Gestern Nachmittag wurden erst die Aufsichtsratsmitglieder über die Absprache der drei großen Anteilseigener informiert, dann gab es wohl auch ein persönliches Treffen zwischen Grünhagen und Schulz. Weitergehende Auskünfte gab es von beiden auf Anfrage unserer Zeitung allerdings nicht.
Vertrag läuft noch bis Mitte 2018
Wie es nun an der Spitze von Enervie weitergehen wird, ist noch unklar. In der Gerüchteküche wurden gestern zwar erste Namen für eine mögliche Nachfolge gehandelt – erhärten lässt sich davon derzeit allerdings keiner. Mit Wolfgang Struwe, zuständig für den Vertrieb, und Erik Höhne, zuständig für Technik, verfügt das Unternehmen zudem über zwei weitere Vorstände. Eine Stellvertreter-Regelung gibt es aber nicht.
Die Anteilseigner
Hagen mit 42,7 Prozent und Lüdenscheid mit 24,1 Prozent sind die größten Anteilseigner der Enervie-Gruppe. Die Remondis Wasser und Energie GmbH ist mit 19,1 Prozent der einzige private Anteilseigner.
Weitere Anteile zwischen 0,2 und 4,4 Prozent haben Altena, Plettenberg, Halver, Schwerte, Bäderbetrieb Kierspe, Schalksmühle, Kierspe, Herscheid, Meinerzhagen und Herdecke.
Der Vertrag von Ivo Grünhagen (50) läuft eigentlich noch bis zum 31. Juli 2018 – er war zuletzt im August 2012 verlängert worden. Der gelernte Diplom-Kaufmann war ab 2004 zunächst Chef der Hagener Versorgungs- und Verkehrs GmbH (HVG) und wechselte im Jahr 2008 zur Enervie-Gruppe. Seit dem Jahr 2009 ist er Vorstandssprecher.
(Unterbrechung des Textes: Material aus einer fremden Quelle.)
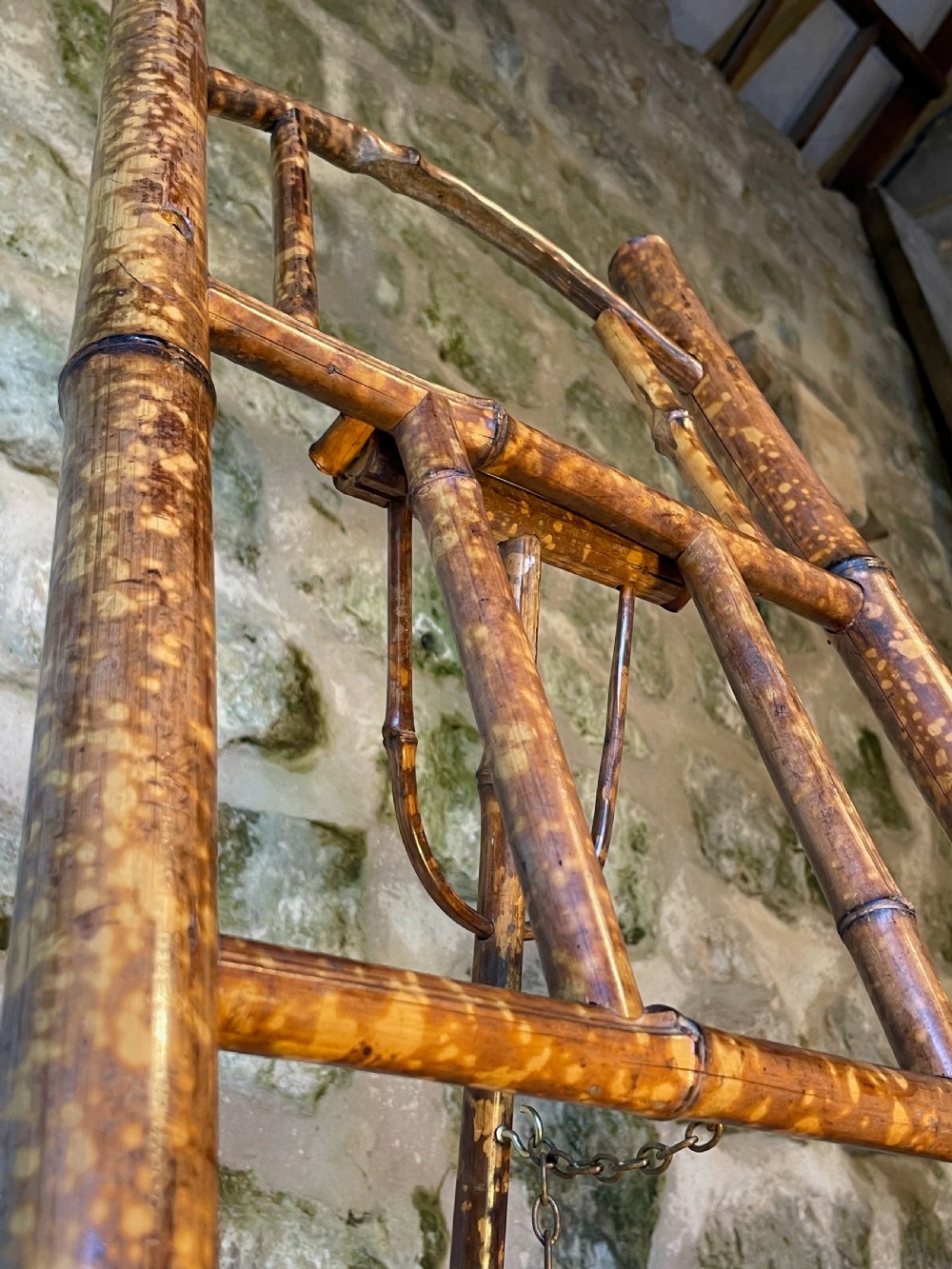 A tall Victorian freestanding easel crafted from mottled brown bamboo with cross-bracing and support pegs. View XXVII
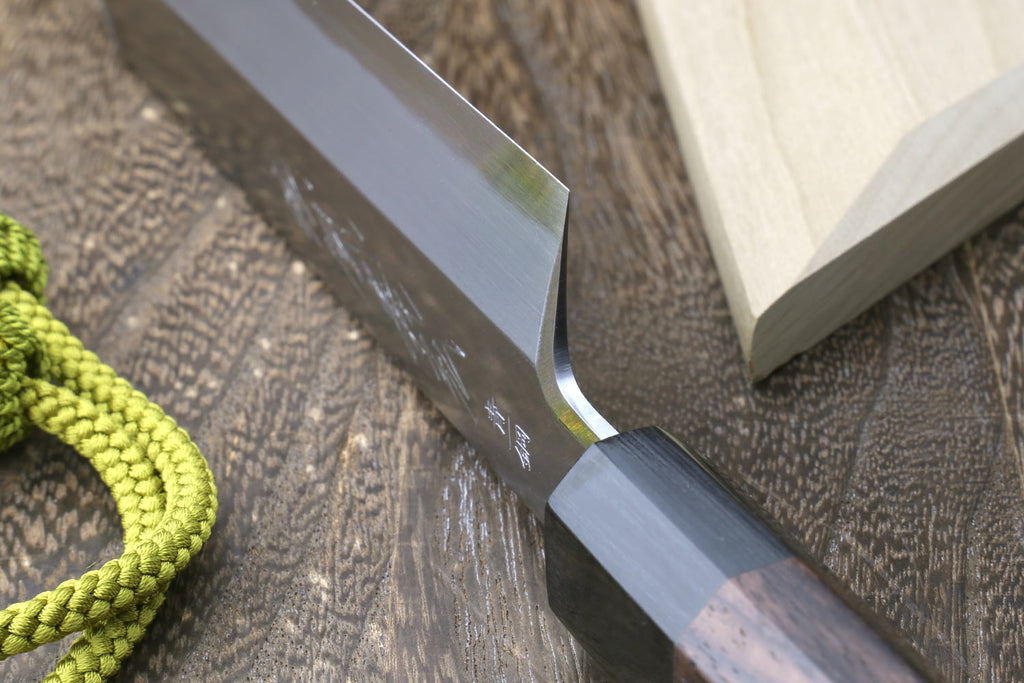 Japanese single-edged vegetable knife, close-up of blade tip beside wooden saya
Enervie steckt schon seit Monaten in einer tiefen Krise. Durch die Energiewende und die damit unrentabel gewordenen konventionellen Kraftwerke sind zweistellige Millionenverluste angehäuft worden. Eine Dividende, die über Jahre an die Anteilseigner ausgeschüttet wurde, bleibt aus.. Durch die beabsichtige Abschaltung aller Kraftwerke werden voraussichtlich mehr als 300 Arbeitsplätze wegfallen – die Sozialplanverhandlungen laufen. Zudem ringt das Unternehmen derzeit um neue Kredite, die die Liquidität sichern sollen.